Perhaps even more importantly, drugs like cyproheptadine that antagonize 5-HT2C may prevent or even treat CVD and diabetes (type 2).
http://www.ncbi.nlm.nih.gov/pubmed/8637392/
"...That serotonin (5HT) is involved in regulating hypothalamic-pituitary- adrenal axis (HPA) function has long been recognized. A variety of drugs including precursors of 5HT such as 5HTP, drugs which release 5HT such as fenfluramine and drugs which act directly on 5HT receptors such as ipsapirone increase cortisol and ACTH concentrations. There is a general assumption that such stimulation occurs at a hypothalamic level. However, our increasing understanding of the complex interplay between 5HT and the HPA raises questions as to the validity of this simple model. An increasing volume of experimental research indicates that 5HT can act directly on the adrenal gland and possibly on the anterior pituitary as well. These findings have major implications for the interpretation of neuroendocrine studies of 5HT conducted in psychiatric conditions, such as depression."
http://www.ncbi.nlm.nih.gov/pubmed/17596444/
"...The dynamic interplay between serotonin [5-hydroxytryptamine (5-HT)] neurotransmission and the hypothalamic-pituitary-adrenal (HPA) axis has been extensively studied over the past 30 years, but the underlying mechanism of this interaction has not been defined. A possibility receiving little attention is that 5-HT regulates upstream corticotropin-releasing hormone (CRH) signaling systems via activation of serotonin 2C receptors (5-HT(2C)Rs) in the paraventricular nucleus of the hypothalamus (PVH). Through complementary approaches in wild-type rodents and 5-HT(2C)R-deficient mice, we determined that 5-HT(2C)Rs are necessary for 5-HT-induced HPA axis activation."

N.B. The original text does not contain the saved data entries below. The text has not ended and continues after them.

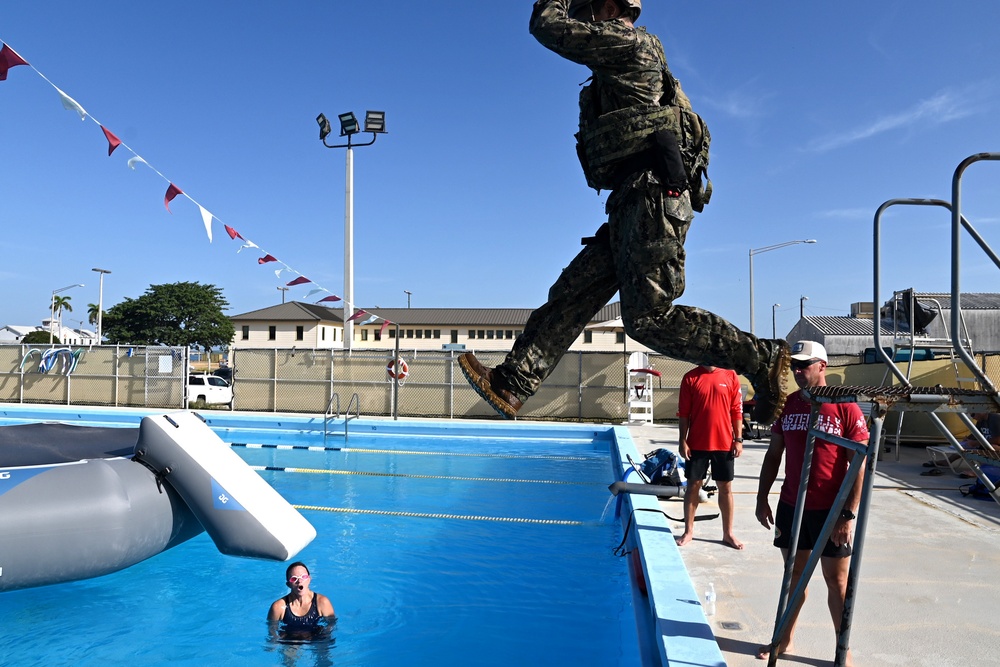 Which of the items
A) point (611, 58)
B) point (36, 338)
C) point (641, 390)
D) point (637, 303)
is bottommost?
point (641, 390)

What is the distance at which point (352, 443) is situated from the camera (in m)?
16.4

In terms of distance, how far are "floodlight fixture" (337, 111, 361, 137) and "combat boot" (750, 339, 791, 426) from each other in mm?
25094

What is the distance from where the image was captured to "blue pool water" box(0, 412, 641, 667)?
221 inches

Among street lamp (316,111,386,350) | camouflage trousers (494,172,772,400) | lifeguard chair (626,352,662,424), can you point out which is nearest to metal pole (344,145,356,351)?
street lamp (316,111,386,350)

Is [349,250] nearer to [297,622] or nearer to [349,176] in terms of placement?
[349,176]

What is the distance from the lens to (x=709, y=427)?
6.66 metres

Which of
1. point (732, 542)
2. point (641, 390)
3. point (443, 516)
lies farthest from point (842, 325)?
point (732, 542)

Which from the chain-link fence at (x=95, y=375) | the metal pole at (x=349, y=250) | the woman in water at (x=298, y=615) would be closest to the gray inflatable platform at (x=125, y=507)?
the woman in water at (x=298, y=615)

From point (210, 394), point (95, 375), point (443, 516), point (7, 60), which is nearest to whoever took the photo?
point (7, 60)

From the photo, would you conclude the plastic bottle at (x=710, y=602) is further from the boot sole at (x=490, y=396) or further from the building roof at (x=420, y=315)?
the building roof at (x=420, y=315)

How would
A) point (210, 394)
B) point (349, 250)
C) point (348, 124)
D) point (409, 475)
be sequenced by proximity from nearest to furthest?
point (409, 475) < point (349, 250) < point (210, 394) < point (348, 124)

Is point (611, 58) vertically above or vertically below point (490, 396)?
above

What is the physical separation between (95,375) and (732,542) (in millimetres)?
22023

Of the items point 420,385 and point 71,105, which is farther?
point 420,385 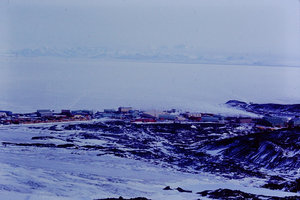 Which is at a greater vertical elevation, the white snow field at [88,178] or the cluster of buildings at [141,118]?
the cluster of buildings at [141,118]

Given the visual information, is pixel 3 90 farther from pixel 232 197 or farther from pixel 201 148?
pixel 232 197

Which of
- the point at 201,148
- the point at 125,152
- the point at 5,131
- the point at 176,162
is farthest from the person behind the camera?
the point at 5,131

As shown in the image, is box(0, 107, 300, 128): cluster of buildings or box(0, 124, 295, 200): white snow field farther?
box(0, 107, 300, 128): cluster of buildings

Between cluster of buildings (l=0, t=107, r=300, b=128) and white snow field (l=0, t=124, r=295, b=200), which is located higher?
cluster of buildings (l=0, t=107, r=300, b=128)

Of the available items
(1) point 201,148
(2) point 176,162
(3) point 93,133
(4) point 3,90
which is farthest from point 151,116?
(4) point 3,90

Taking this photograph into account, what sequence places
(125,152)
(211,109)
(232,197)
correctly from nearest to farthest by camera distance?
(232,197), (125,152), (211,109)

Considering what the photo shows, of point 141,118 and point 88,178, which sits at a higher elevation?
point 141,118

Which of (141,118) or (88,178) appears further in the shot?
(141,118)

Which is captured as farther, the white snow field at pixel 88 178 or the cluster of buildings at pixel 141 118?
the cluster of buildings at pixel 141 118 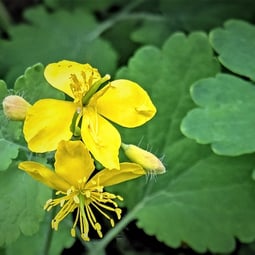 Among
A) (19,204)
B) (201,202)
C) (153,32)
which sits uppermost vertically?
(19,204)

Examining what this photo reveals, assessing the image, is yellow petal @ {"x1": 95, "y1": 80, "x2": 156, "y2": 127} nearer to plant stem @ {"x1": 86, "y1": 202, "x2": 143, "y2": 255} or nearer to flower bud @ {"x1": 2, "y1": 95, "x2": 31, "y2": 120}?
flower bud @ {"x1": 2, "y1": 95, "x2": 31, "y2": 120}

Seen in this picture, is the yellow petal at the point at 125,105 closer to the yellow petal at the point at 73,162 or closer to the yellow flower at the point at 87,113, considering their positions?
the yellow flower at the point at 87,113

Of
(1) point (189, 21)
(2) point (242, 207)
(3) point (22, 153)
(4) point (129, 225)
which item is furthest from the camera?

http://www.ncbi.nlm.nih.gov/pmc/articles/PMC3245751/
"...The serotonin 5HTR2C receptor has been shown to mediate HPA axis activation during stress. We hypothesized that a functional polymorphism (rs6318) of the 5HTR2C gene would be associated with HPA axis response to a laboratory stress protocol. The present sample consisted of 41 men (22 African Americans, 19 Caucasians). We found that at rest men with the more active rs6318 Ser23 C allele had similar cortisol values compared to those with the less active sys23 G allele. During laboratory stress, however, men with the Ser23 C allele exhibited the predicted significantly higher cortisol levels (p < .001), as well as larger increases in anger (P=0.08) and depressive mood (P=0.006) ratings, compared to the sys23 G carriers. The increase in cortisol was significantly related to the increases in ratings of anger and depression assessed before and after the emotion induction, and these correlations became nonsignificant when rs6318 genotype was covaried. We conclude that genetic variation in 5HTR2C may be associated with HPA axis activation and stimulated by emotional stress, and also with both psychological and physiological endophenotypes that increase the risk of cardiovascular disease and type 2 diabetes."